The politicization of the United States Supreme Court has been escalating for decades, going back at least as far as the 1987 nomination of Robert Bork by President Ronald Reagan. Since that time, confirmation battles such as those of Clarence Thomas and Brett Kavanaugh, along with hyper enthusiasm for scores of case decisions have seemingly ramped up in intensity.

Yet, perhaps nothing is more illustrative of the impact of outside pressures on the court, and the underlying tension affecting its members and their underlings, than the leaked court opinion from Justice Samuel Alito that came to light a month ago. The unveiling of Alito’s well-reasoned, rational, and brilliantly written draft of the majority opinion in the case of Dobbs V Jackson undoubtedly created the reaction the leaker had been striving for, as outraged leftists had a collective conniption at the prospect of losing federally guaranteed abortion rights with the apparently imminent overturning of Roe V Wade.
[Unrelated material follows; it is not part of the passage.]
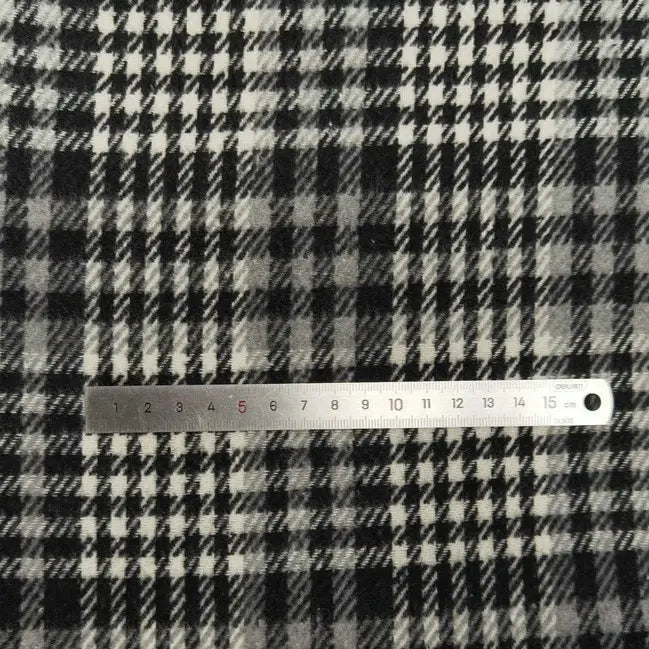 Une règle en métal de 15 cm repose sur le Tissu flanelle épaisse brossée un côté à carreaux de Longan Craft France, un tissu à carreaux confortable en polyester et coton, parfait pour l'automne.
But the leak also highlighted the rising partisanship in the court, and the desperation of either clerks, other employees, or certain justices themselves. The Supreme Court had become as politicized as virtually every other public institution, and the security and integrity of the court have come under fire from all sides. Therefore, when the announcement was made that officials within the Supreme Court had launched an investigation into who leaked the documents, many welcomed the news, hoping that the leaker would be rooted out with order in the court restored.
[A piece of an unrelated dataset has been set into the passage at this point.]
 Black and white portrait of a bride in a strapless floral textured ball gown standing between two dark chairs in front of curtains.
A report yesterday by CNN indicates that those managing the investigation into the leak are serious about getting to the bottom of what happened, and are taking unprecedented steps to do so. They’re not fooling around.

According to CNN:

“Supreme Court officials are escalating their search for the source of the leaked draft opinion that would overturn Roe v. Wade, taking steps to require law clerks to provide cell phone records and sign affidavits, three sources with knowledge of the efforts have told CNN.

Some clerks are apparently so alarmed over the moves, particularly the sudden requests for private cell data, that they have begun exploring whether to hire outside counsel.”
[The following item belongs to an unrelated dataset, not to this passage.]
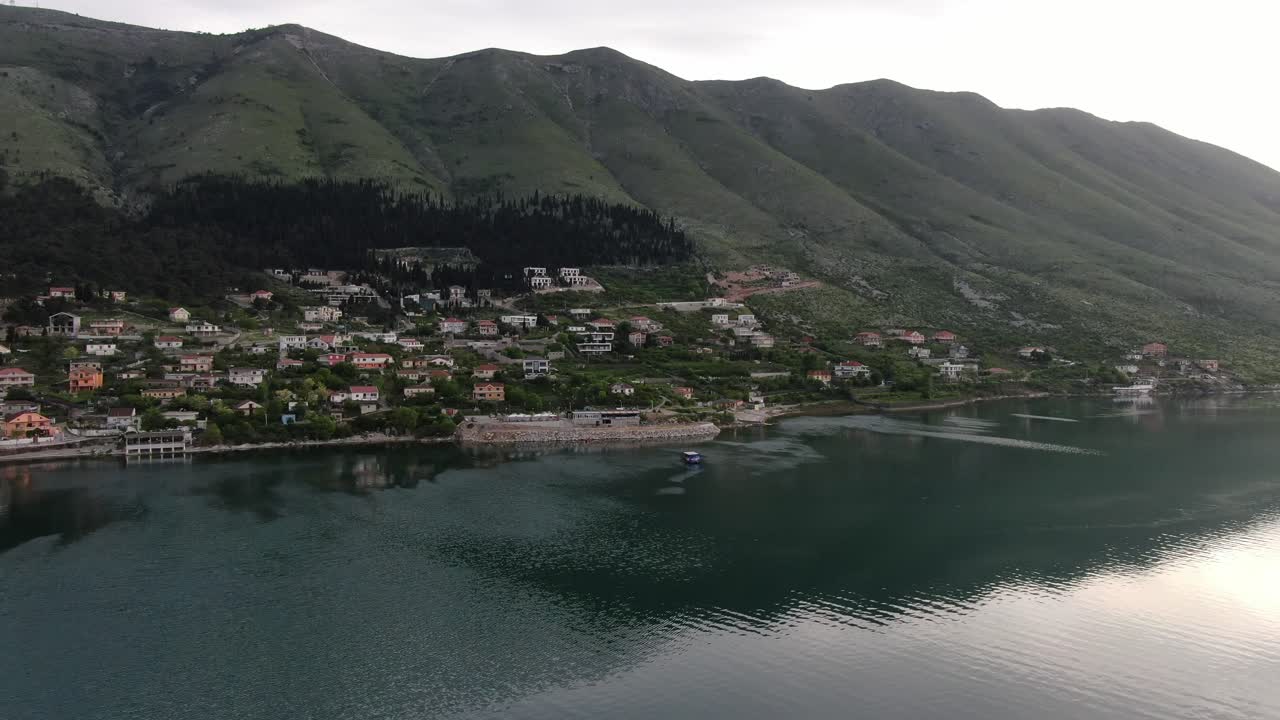 Drone view in Albania flying over Shkod&euml;r lake in Pogradec on cloudy day with green mountains on the back horizontal move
Many of us doubted whether the investigation would be conducted in earnest. Was the investigation merely a ploy by Chief Justice John Roberts to quiet critics? Is it just an attempt at damage control? Based on this reporting, it appears that the investigation is indeed functioning with sincerity.

Depending on which expert we listen to, the level of criminality of the leaker’s actions varies. But one point about the leak is clear and non-debatable: Last month’s leak was extremely harmful. As one of the three branches of government, and with its members serving out lifetime appointments, the independence of the Supreme Court of the United States is sacrosanct.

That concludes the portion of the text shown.